MongoDB – A Dive Deep

The previous session on MongoDB was on Big data integration of MongoDB and how to use Spark and Python to access data to and fro between HDFS and MongoDB. We saw how we can process/analyse the data using Big data technologies and then save it in MongoDB to be used by different kind of applications – https://mohdnaeem.wordpress.com/2018/01/17/big-data-integration-with-mongodb-using-spark/.
In this session the focus would be on deep diving into MongoDB, install it as a standalone server on a linux system, assess it different powers and features, analyse its CRUD operations, aggregation, indexing, security, replication, sharding etc.

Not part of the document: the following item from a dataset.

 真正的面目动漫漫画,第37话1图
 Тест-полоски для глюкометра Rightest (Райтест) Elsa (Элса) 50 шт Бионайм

Below is list of topics which we will try to cover:
- Why MongoDB?
  - open source
  - document(JSON) based – supported across platforms and languages
  - high availability – embedded document structure decreases IO, fail-over support and replica sets support high availability
  - high performance and persistence – indexing makes querying faster
  - auto scaling – replication and sharding make it highly auto scaling
  - non relational database – no high IO sensitive query plans and joins
- Installing MongoDB
  - Spin up a Linux machine using VirtualBox or VMWare (I am using the CentOS 7 Distro).
  - Using SSH login to the server and elevate to root privilege.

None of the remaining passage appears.